← Kembali ke Berita
INDERAJA
Vol 3 No 1 (2006)
PERUBAHAN KERUSAKAN LAHAN PULAU MADURA MENGGUNAKAN DATA PENGINDERAAN JAUH DAN SIG
Aktivitas pembangunan yang kurang memperhatikan aspek lingkungan akan menimbulkan dampak terhadap lingkungan, khususnya pada terjadinya kerusakan lahan.
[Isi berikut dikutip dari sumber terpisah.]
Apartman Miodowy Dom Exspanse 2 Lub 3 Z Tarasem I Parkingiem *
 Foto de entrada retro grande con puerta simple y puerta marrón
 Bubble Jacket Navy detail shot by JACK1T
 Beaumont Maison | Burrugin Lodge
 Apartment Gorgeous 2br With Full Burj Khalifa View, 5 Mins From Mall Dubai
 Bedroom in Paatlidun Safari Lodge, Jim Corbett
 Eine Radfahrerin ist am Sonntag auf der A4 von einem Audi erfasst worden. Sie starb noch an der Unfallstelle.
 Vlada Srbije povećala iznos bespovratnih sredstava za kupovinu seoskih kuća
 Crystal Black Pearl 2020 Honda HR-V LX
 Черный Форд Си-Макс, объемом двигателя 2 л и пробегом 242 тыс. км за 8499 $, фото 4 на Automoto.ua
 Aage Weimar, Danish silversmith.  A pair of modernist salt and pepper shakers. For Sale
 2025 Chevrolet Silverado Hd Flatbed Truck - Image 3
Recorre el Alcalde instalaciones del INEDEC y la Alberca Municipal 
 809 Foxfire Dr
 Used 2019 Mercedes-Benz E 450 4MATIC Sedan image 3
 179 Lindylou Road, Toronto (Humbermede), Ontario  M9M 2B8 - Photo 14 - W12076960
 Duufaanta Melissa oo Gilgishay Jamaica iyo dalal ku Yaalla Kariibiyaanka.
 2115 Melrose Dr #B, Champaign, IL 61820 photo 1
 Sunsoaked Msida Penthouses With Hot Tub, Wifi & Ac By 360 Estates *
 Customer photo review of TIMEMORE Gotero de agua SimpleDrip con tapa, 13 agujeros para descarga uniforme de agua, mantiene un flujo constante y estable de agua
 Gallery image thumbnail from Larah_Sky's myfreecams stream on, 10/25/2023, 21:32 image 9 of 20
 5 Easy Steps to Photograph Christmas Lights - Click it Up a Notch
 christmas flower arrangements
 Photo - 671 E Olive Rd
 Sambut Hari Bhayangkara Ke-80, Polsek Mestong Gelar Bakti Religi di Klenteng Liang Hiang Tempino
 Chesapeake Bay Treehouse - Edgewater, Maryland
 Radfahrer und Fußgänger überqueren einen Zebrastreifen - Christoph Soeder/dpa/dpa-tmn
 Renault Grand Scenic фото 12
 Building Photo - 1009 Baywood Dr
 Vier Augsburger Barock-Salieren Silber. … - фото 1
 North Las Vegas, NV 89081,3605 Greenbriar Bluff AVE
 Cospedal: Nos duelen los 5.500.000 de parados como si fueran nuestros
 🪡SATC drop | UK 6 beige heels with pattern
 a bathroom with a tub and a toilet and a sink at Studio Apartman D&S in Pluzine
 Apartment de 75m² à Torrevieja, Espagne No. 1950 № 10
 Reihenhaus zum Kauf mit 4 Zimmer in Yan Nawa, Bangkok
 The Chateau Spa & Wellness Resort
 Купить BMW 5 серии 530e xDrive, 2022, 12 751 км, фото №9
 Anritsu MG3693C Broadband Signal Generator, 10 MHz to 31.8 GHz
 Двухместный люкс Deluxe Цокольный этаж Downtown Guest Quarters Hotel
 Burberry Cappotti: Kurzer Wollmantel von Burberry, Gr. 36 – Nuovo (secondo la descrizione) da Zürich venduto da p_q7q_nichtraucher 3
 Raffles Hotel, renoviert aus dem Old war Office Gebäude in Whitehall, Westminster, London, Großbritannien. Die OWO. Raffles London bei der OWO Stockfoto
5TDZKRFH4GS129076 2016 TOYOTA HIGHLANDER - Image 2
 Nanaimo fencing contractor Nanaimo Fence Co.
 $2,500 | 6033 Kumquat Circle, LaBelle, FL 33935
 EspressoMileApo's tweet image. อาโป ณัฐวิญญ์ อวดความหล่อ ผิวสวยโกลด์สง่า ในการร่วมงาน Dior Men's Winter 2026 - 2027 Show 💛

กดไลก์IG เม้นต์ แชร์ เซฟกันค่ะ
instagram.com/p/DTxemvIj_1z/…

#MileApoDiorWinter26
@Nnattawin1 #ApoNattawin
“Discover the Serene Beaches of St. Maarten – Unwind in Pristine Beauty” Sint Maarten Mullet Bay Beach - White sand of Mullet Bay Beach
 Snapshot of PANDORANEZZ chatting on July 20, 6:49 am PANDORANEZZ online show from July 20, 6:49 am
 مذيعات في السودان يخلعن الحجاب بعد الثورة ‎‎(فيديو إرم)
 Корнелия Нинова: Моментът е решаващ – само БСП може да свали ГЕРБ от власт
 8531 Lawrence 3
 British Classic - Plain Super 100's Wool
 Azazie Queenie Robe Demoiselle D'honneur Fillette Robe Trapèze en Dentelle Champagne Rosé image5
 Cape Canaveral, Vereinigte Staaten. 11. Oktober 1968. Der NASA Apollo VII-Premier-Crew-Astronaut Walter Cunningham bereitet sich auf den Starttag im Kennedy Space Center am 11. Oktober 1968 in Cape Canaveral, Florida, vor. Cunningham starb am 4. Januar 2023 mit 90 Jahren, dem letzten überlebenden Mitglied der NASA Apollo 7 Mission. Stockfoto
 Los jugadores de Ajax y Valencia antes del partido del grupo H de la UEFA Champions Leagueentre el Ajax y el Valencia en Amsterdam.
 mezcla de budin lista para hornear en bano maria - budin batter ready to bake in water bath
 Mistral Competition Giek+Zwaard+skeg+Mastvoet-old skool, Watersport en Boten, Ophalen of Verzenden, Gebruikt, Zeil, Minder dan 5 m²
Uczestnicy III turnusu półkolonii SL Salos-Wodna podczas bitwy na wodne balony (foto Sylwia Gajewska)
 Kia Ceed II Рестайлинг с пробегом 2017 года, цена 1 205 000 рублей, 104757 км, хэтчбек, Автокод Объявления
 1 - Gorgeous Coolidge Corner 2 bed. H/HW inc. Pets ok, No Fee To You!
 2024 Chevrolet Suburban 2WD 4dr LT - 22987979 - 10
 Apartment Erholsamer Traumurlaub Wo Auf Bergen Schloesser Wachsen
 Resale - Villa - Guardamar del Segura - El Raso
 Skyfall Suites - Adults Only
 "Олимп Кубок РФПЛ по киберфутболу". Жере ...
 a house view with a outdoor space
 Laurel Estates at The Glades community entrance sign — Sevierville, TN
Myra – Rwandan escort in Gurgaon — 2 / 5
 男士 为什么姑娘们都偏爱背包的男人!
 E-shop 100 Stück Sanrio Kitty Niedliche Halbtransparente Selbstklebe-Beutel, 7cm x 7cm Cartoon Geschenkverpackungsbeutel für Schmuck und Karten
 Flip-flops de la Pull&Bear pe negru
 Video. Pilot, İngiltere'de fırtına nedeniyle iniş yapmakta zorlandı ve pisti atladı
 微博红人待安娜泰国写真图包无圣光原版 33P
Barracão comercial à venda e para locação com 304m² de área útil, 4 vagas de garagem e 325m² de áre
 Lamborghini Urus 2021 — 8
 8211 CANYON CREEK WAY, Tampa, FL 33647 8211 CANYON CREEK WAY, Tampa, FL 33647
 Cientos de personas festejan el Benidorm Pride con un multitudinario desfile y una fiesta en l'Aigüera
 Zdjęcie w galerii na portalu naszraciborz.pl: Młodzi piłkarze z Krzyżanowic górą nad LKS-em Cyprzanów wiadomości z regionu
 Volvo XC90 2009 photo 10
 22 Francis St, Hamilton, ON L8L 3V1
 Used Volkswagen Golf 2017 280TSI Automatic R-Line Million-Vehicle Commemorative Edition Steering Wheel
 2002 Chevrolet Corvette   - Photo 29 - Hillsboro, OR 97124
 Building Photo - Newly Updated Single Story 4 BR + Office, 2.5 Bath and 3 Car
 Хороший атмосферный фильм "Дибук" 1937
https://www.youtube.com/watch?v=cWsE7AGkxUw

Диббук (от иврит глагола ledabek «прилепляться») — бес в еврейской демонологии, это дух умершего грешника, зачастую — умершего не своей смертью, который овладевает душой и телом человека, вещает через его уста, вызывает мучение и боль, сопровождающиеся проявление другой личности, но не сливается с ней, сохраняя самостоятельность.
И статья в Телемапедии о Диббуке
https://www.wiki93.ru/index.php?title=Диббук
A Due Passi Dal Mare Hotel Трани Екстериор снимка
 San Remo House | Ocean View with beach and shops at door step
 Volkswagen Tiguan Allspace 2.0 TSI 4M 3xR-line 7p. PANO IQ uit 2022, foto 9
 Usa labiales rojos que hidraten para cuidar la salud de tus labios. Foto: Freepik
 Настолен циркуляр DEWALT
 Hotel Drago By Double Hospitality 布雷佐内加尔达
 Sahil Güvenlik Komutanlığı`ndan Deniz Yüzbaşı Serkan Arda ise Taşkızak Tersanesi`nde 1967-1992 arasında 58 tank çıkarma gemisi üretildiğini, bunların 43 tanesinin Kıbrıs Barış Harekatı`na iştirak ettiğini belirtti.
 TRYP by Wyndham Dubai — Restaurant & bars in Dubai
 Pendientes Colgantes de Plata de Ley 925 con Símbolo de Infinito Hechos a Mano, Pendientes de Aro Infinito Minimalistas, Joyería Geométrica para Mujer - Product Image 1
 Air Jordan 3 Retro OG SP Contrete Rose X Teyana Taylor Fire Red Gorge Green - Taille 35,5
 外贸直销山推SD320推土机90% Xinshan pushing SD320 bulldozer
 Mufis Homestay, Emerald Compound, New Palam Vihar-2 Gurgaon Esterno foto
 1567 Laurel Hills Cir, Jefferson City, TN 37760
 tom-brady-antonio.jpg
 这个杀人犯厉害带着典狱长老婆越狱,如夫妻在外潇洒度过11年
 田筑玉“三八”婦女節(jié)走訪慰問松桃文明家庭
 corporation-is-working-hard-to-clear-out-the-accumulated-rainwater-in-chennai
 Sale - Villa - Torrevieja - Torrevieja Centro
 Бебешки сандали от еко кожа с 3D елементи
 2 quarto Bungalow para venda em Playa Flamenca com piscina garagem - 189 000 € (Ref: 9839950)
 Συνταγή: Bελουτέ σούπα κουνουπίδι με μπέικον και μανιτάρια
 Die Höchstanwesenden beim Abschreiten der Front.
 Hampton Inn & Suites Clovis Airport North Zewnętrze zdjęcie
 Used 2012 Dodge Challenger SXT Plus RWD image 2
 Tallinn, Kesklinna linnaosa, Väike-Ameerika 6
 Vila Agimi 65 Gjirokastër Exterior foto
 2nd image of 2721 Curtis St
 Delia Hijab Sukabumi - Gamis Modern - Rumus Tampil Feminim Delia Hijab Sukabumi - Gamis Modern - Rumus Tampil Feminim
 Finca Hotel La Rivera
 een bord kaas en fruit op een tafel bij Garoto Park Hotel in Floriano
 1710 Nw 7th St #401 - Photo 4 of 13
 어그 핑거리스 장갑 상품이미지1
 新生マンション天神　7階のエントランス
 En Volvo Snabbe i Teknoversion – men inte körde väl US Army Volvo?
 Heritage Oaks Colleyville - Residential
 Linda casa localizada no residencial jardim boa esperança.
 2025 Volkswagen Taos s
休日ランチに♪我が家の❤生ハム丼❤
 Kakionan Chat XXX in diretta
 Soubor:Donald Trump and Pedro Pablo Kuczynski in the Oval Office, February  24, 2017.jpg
Upaya pengendalian dan pemulihan kerusakan lahan memerlukan data dan informasi yang lengkap dan akurat. Seiring dengan perkembangan teknologi penginderaan jauh, memungkinkan untuk mengkaji kerusakan lahan secara efektif dan efisien dalam skala wilayah yang luas. Metode yang digunakan dalam penelitian ini adalah memanfaatkan citra Landsat-TM dan Sistem Informasi Geografis (SIG) untuk menentukan tingkat kerusakan lahan. Penentuan potensi kerusakan lahan dilakukan dengan pembobotan indikator kerusakan lahan yang secara bersama-sama berfungsi sebagai variabel. Hasil yang diperoleh menunjukkan bahwa tingkat kerusakan lahan di Pulau Madura dari tahun 1994 sampai 2001 adalah kondisi atau tingkat kerusakan lahan yang termasuk kelas agak rusak mengalami penurunan sebesar 0,90%, sedangkan tingkat yang termasuk kelas rusak sebesar 3,90% dan tingkat rusak berat sebesar 0,14%.